Why Do Functional Programmers Prefer For-Comprehension Over Imperative Code Block

“Why do you wrap everything into an effect and put a for over here?” a Senior engineer in another team commented on my second code review. I looked into the code, and the first thing that popped up on my mind was, “Because it is readable.”

Readability is very subjective. Someone from the world of imperative programming and used to the Java 8 API Stream-like syntax will say that sequencing your program with for-comprehension will make it harder to read. On the other hand, functional programmers will view Java 8 API Stream-like syntax harder to trace through the effect of your code. Hence, I try to find a more objective point of view on why it is readable.

Looks like a Pseudo Code

For-comprehension is very similar to Haskell monad comprehension.

For Comprehension is syntactic sugar for flatMap.

flatMap represents sequential computations, and it is the main trait of Monad. Hence, the designer Scala uses monads for collection operations.

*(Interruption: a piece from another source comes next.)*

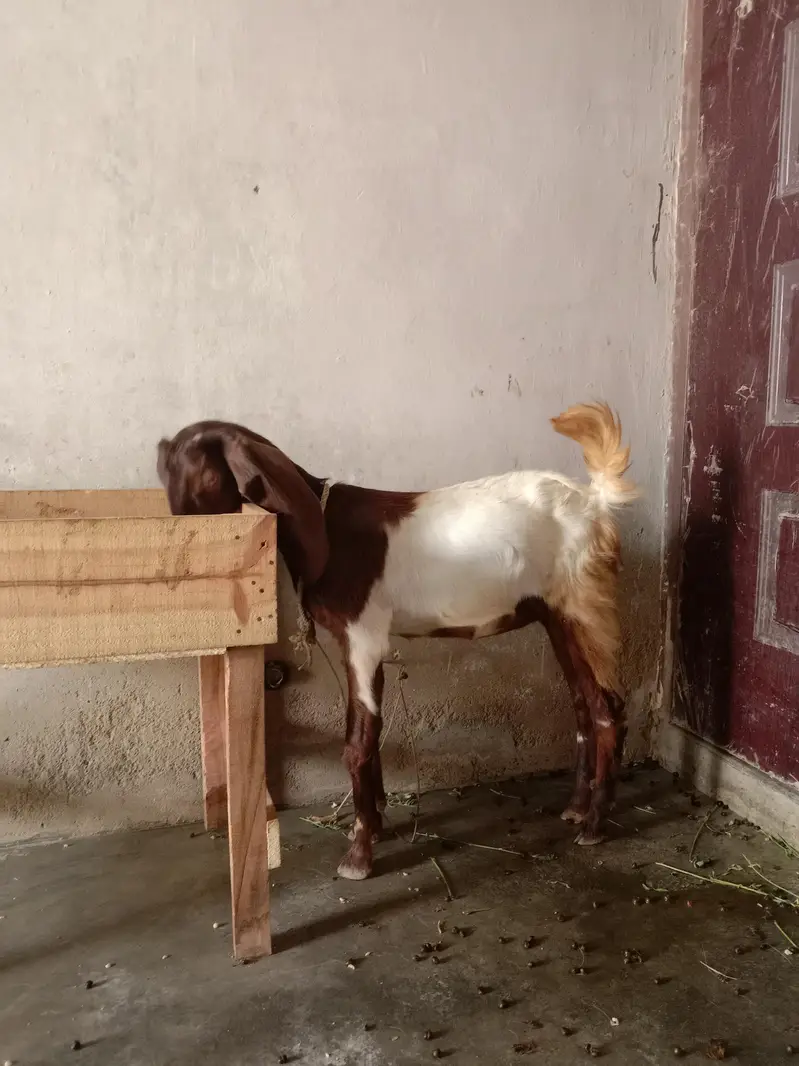 Bakri female kamori — photo 8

Monad comprehension in Scala was designed to look like imperative for loops in some generic C/pseudo-code-like language. Why? So that it looks like imperative sequential side-effecting code block like a C-style language. The left-array for assignment is typical in imperative pseudo-code. Hence, it creates better readability.

However, Scala and Haskell differ within the comprehension syntax - it can do more than perform the two monadic operations join and bind (or map and flatMap).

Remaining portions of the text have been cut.